A travers les souvenirs de France, sa fille, se dessine l’âme de Jacques, sculptée par son enfance dans une Bruxelles assombrie par la guerre, où il voit son frère aîné Pierre disparaître dans un train empli d’hommes en uniformes gris, partant vers l’inconnu. Ces impressions de jeunesse s’approfondissent avec l’âge et trouvent écho alors que d’autres ombres se profilent en Algérie, éveillant en lui de vieilles blessures, de silencieux serments.
En 1963, il revient en Algérie, un an après l’indépendance, et chante à Zéralda, une offrande de l’artiste à un pays libéré, une note de liberté dans le vent chaud d’un pays renaissant. Pour Brel, cette conscience politique s’est bâtie autant dans ses chansons que dans les pages silencieuses de sa vie. Sous l’influence de son ami Georges Pasquier, connu sous le nom de «Jojo», cette conscience s’épanouit, nourrie par les livres et les débats ardents. Jojo, avec son rire franc, illuminait les jours sombres et forgera avec Brel un lien fraternel dont naîtra le célèbre morceau Jojo, écrit après le décès de son ami de toujours. «Après la mort de Jojo, se rappelle France, mon père n’a plus regardé le monde comme un terrain de jeu.»

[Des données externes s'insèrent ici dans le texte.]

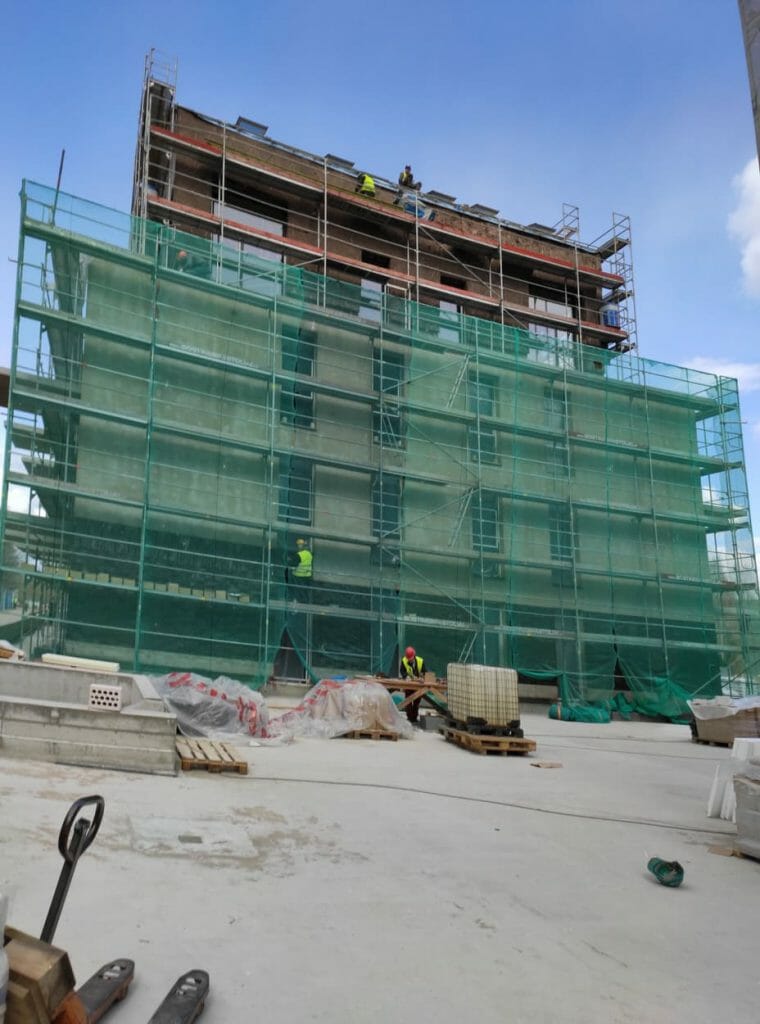 Miško ardai 1 etapas (Burbiškių g. 6) - Multi apartment - construction photos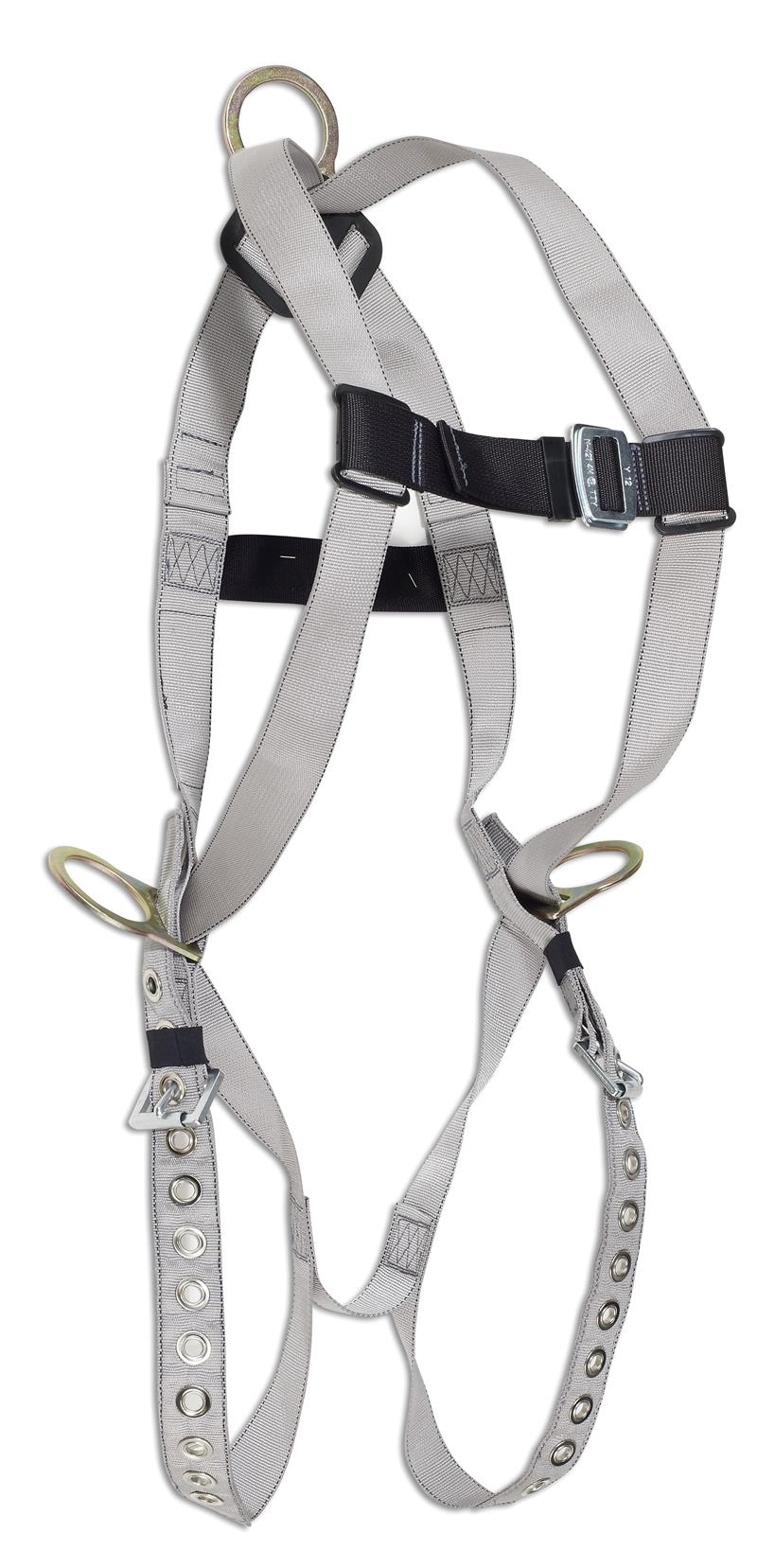 B-Compliant Work Positioning Harness With Tongue Buckles Leg Strap Connectors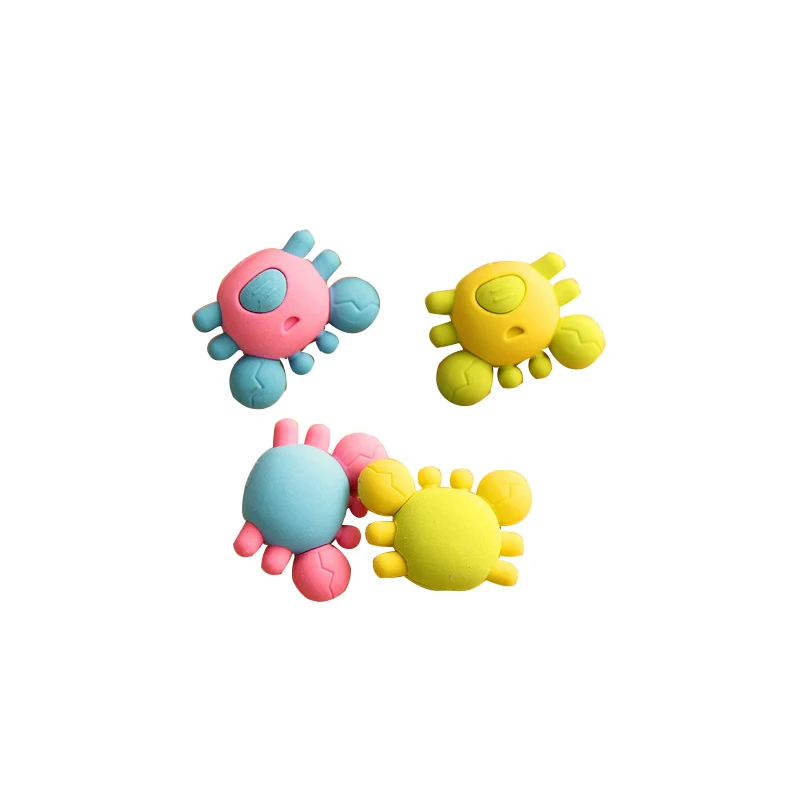 5 шт. случайные цвета Детские канцелярские принадлежности креативный краб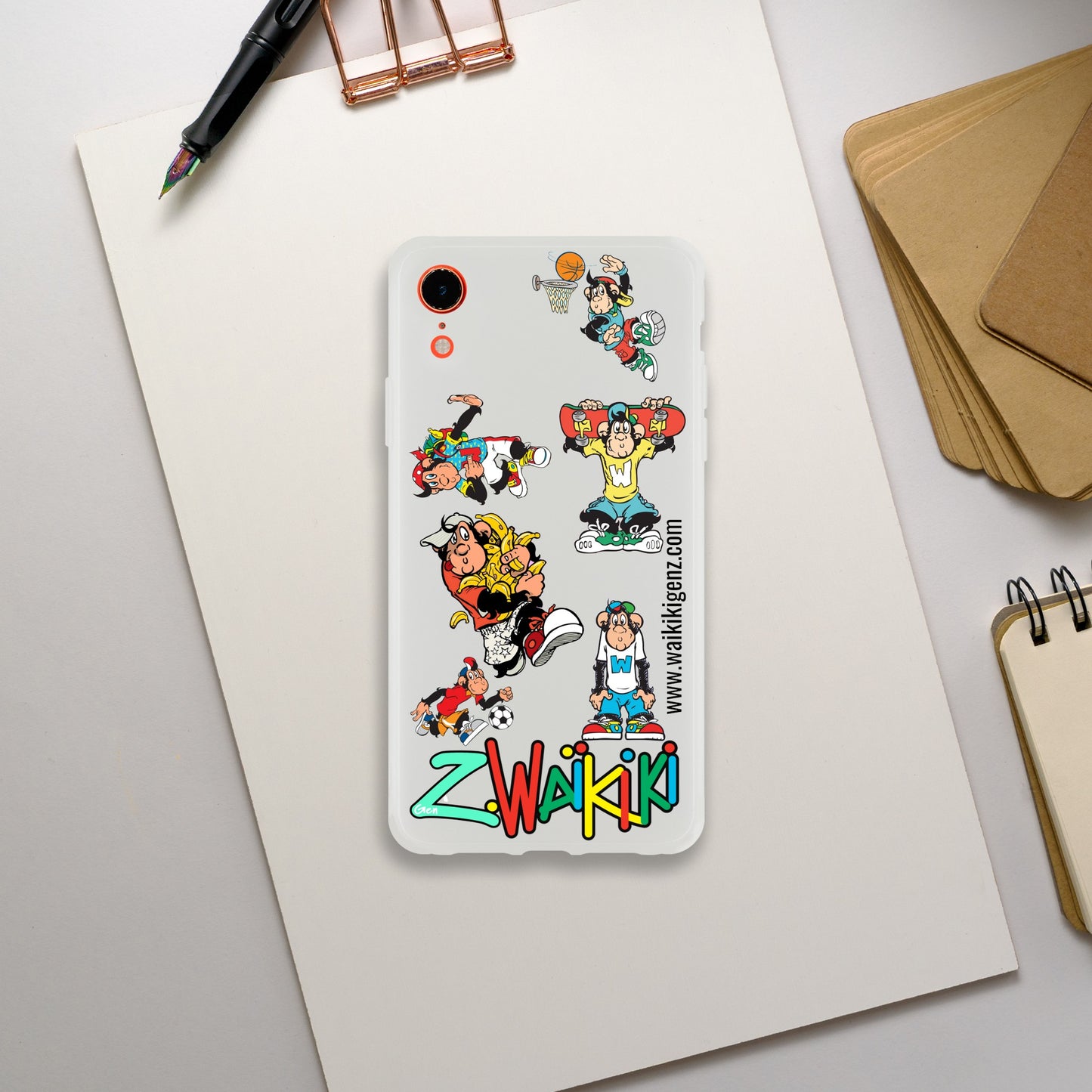pièce waikiki gen z coque telephone flexicase singe vintage y2k années 90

L’art de Brel s’étend bien au-delà des relations et des engagements. Son mariage avec Miche, complexe et profond, ancré dans une amitié datant de 1947, repose sur une amitié aussi forte que tumultueuse, qui servira de socle à leur vie commune. Ce mariage, teinté de tendresse et de complicité, n’en reste pas moins un mystère pour France : «Il me faudrait des livres entiers pour raconter la nature de cette relation spéciale et complexe.»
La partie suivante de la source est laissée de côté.